RECORDED INFORMATION:
=== Begin Enclosure ===

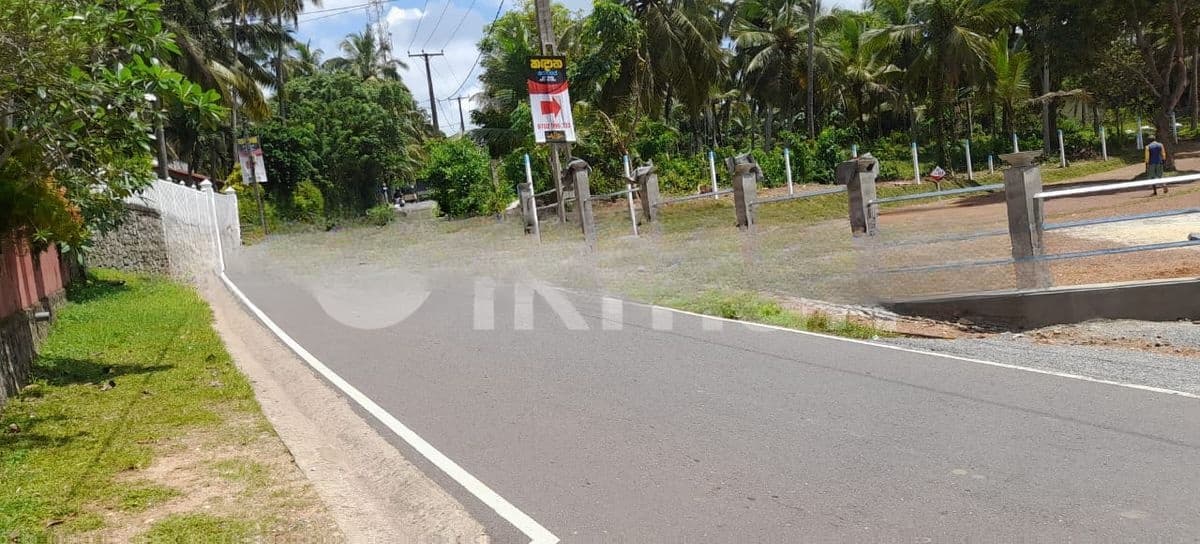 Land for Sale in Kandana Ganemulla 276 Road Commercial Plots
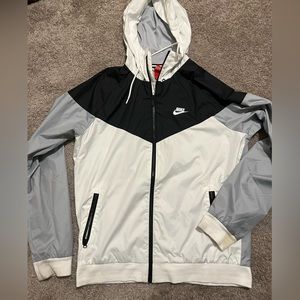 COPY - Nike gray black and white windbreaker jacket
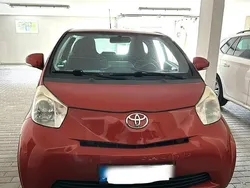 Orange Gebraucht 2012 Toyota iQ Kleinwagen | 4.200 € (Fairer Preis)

=== End Enclosure ===
=== Begin Enclosure ===

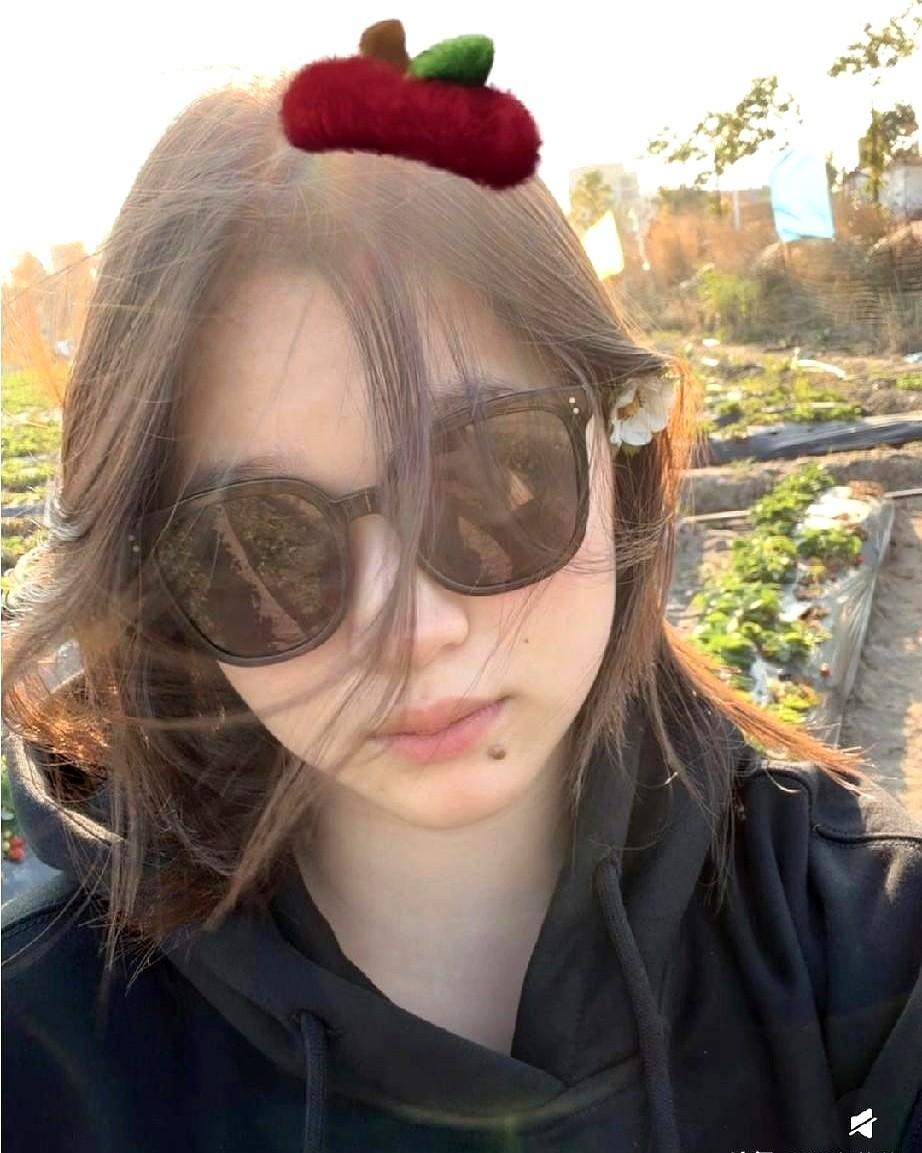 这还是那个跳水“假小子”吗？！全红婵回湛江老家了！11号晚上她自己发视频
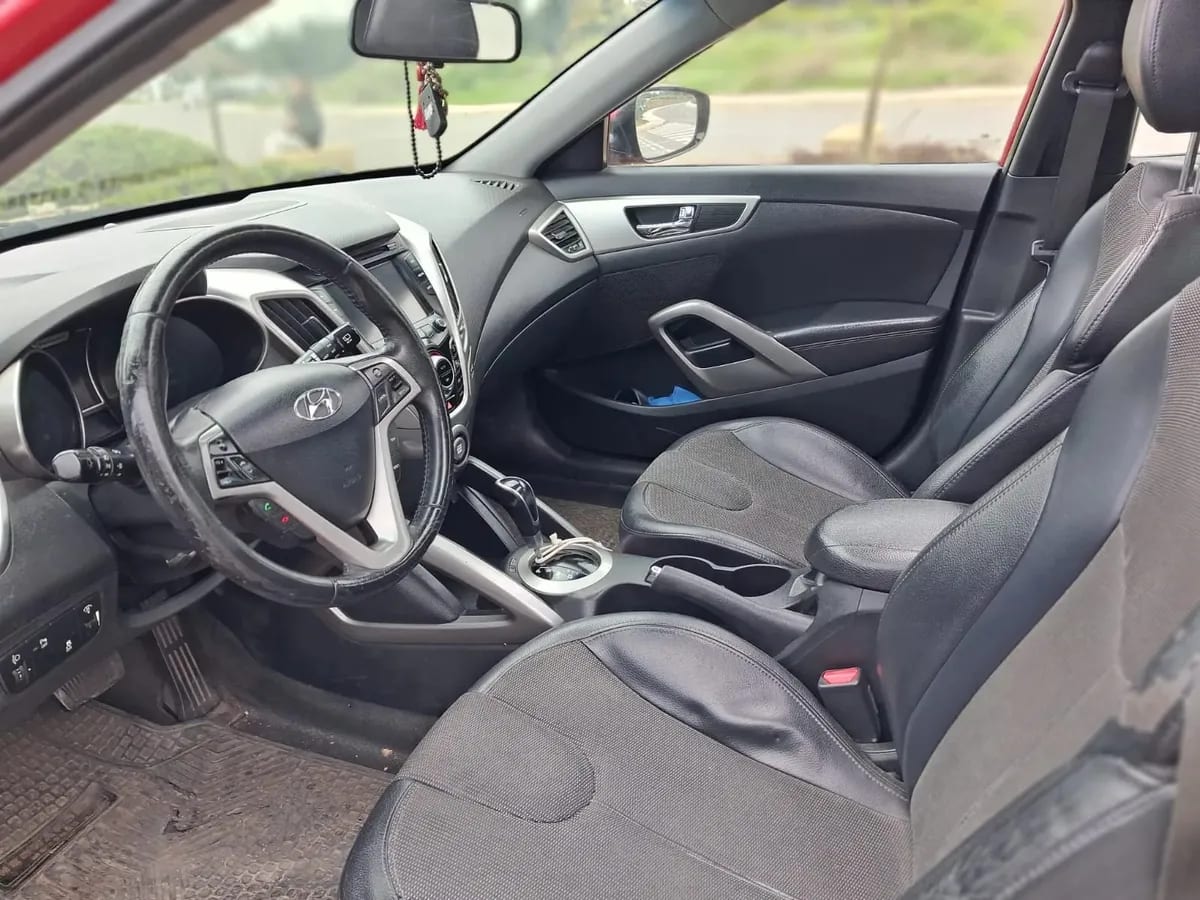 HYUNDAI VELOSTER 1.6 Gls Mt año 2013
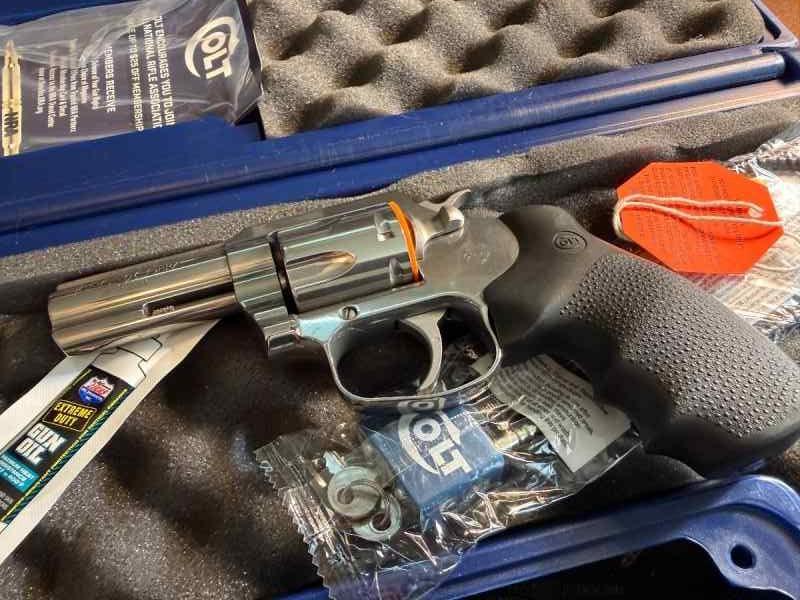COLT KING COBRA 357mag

=== End Enclosure ===
=== Begin Enclosure ===

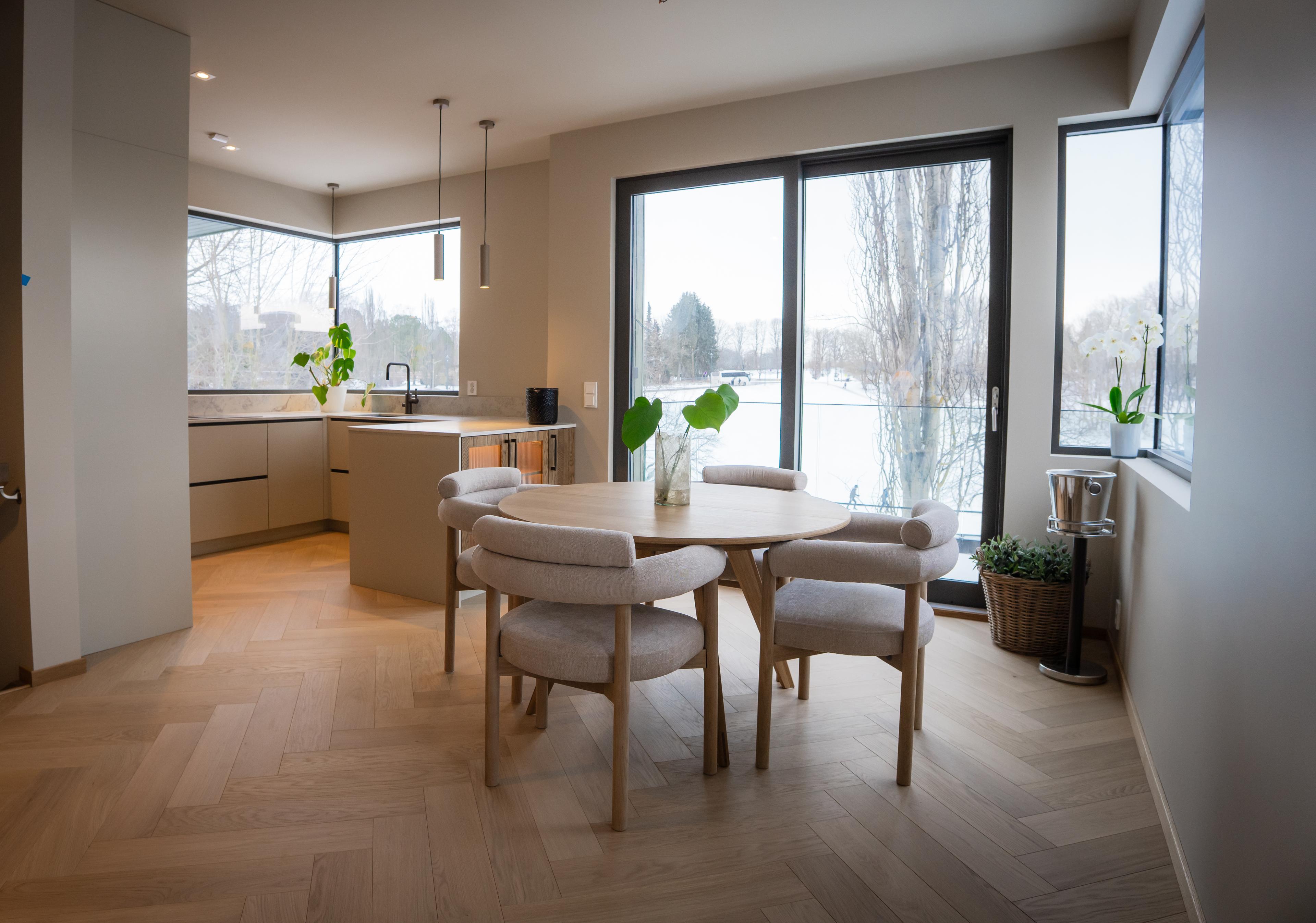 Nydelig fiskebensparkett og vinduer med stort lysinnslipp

=== End Enclosure ===

ABOUT THIS EXERCISE: Your reply is to be an exact repeat of the listing above from the line holding "Land for Sale" down to the line holding "Orange Gebraucht 2012", ends included, pictures excluded.

FINISHED EXERCISE:
 Land for Sale in Kandana Ganemulla 276 Road Commercial Plots
 COPY - Nike gray black and white windbreaker jacket
 Orange Gebraucht 2012 Toyota iQ Kleinwagen | 4.200 € (Fairer Preis)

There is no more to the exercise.